In other words, the FDA could crack down on the CBD products flying off shelves all across the country. In fact, they've already started.

Since the 2018 Farm Bill gave the FDA this power, the agency has already sent cease-and-desist letters to several businesses selling CBD-infused beverages and foods.

When the FDA convened its first panel on CBD, U.S. Hemp Authority President Marielle Weintraub was one of the industry leaders in attendance. The industry welcomed the potential for greater FDA oversight, she says.

"At the meeting, there was a big push to have the FDA roll out regulations and guidelines," she says. "The industry was not trying to get away from the FDA giving us these guidelines to follow."

Clearer FDA guidance, she says, could help the industry overcome current problems like banking access, credit card processing, and issues with other ancillary services.

Clearer FDA guidelines would probably also eliminate a lot of the confusion around CBD on Amazon.

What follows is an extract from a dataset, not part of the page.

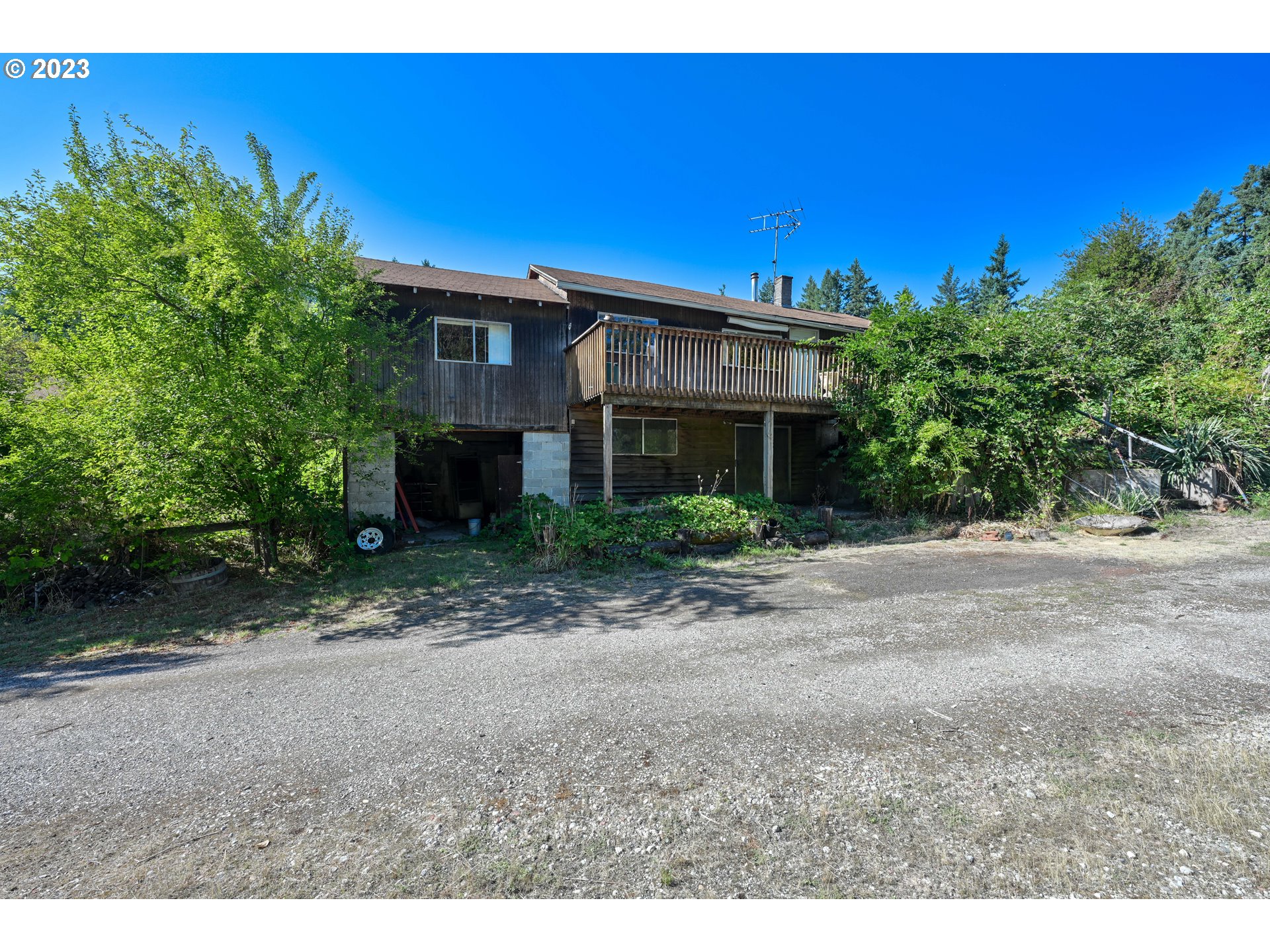 16913 South Hattan Road Oregon City, OR 97045 - Photo 27 of 44 a view of a house with a yard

But rolling out FDA guidelines can take years. That's why the U.S. Hemp Authority is trying to help CBD companies meet the highest possible standards, Weintraub says. That way, when the regulations arrive, the best CBD companies may already be in compliance.

At the FDA meeting, officials expressed concern about the cannabinoid’s safety. CBD stocks immediately dropped several points.

The FDA's next move is unknown. But you can still buy some types of CBD on Amazon — for now.